Sen. Cory Booker (D-NJ), a possible 2028 candidate for president, has also distanced himself from Piker and said he would not appear on his popular Twitch stream that’s amassed millions of followers. At the same time, Booker has argued that it’s not helpful for Democrats to have a political debate that focuses on a single figure.
“I had no idea who this person was until a few days ago,” Booker told the podcast Pod Save America.

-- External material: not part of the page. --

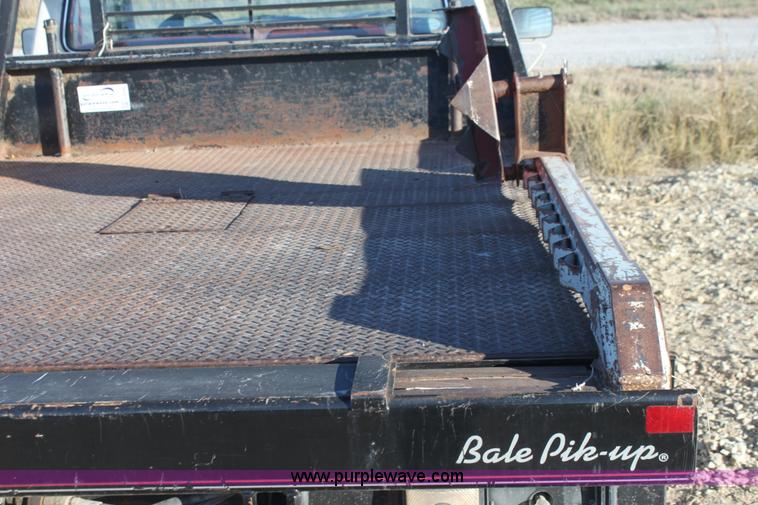 image for item G4326 1989 Ford F250 HD XLT Lariat pickup truck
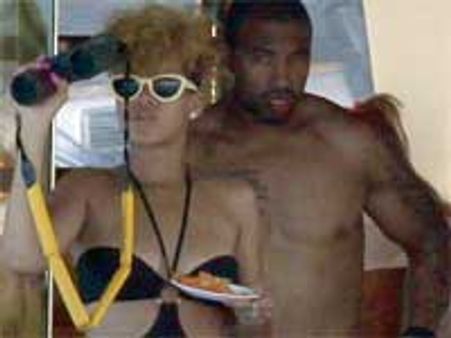 Rihanna, Matt can't keep their hands off each other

But Rep. Ro Khanna (D-CA), an influential progressive on Capitol Hill who has livestreamed with Piker, described him as a worthy interviewer. Boycotting someone such as Piker could “cost us future elections,” Khanna warned, basically making the argument that Democrats should challenge his views rather than avoid them if they find his commentary controversial.
“Should we just have purity tests of canceling folks?” Khanna, also thought to be mulling a presidential run, said on NBC’s Meet the Press. “The lesson of the last election is we’ve got to be out there. We’ve got to engage. It’s a complex, messy, multiracial democracy. I will defend my views, but the people who are saying, ‘Don’t engage,’ will cost us future elections.”
Piker has denied that his remarks, denounced as antisemitic, were meant to be offensive. He also called his comment about 9/11 “inappropriate” and said that he was not “precise” enough in critiquing U.S. foreign policy.
“I’m a megaphone, right?” Piker recently told Politico. “There are a lot of Barbs and Deborahs out there in Minneapolis, for example, that have never encountered me, and yet they share that frustration with the failures of establishment liberalism all the same.”

Piker is roiling more than the field of possible 2028 Democrats. He’s also become a flashpoint in one of the most consequential Senate races, in Michigan, as progressive candidate Abdul el Sayed plans to rally with Piker on Tuesday. The move has drawn bipartisan condemnation from his election opponents.
In battleground Maine, Democratic Senate candidate Graham Platner, who is facing accusations of antisemitism himself, pulled out of a recent event with Piker. Sen. Bernie Sanders (I-VT), a former presidential candidate who backs Platner, still appeared with the controversial streamer.
Piker has interviewed other high-profile progressives such as Rep. Alexandria Ocasio-Cortez (D-NY) and New York Mayor Zohran Mamdani.
The leaders of left-leaning think tank Third Way wrote last month that “Democrats are too cozy” with Piker and that no one is “more influential and extreme” for having, among other things, called ultra-Orthodox Jews “inbred” and said Hamas is “a thousand times better” than the Israeli government.
KHANNA’S COMPARISON OF HASAN PIKER AND JOE ROGAN IS ‘PATHETIC’: JOE CONCHA
Jon Reinish, a Democratic strategist and former aide to Sen. Kirsten Gillibrand (D-NY), who now chairs Senate Democrats’ campaign arm, called Piker “repugnant” and “wrong for the Democratic Party.” But he added, “Every person runs their own race.”
“I think that he is antisemitic. I think that he is an extremist,” Reinish told the Washington Examiner. “I think that no Democrat, in their pursuit of trying to replicate how Trump put his coalition together — his winning coalition — should fumble and stumble and try to grab on to the latest thing en vogue, or the latest thing that’s getting a lot of clicks.”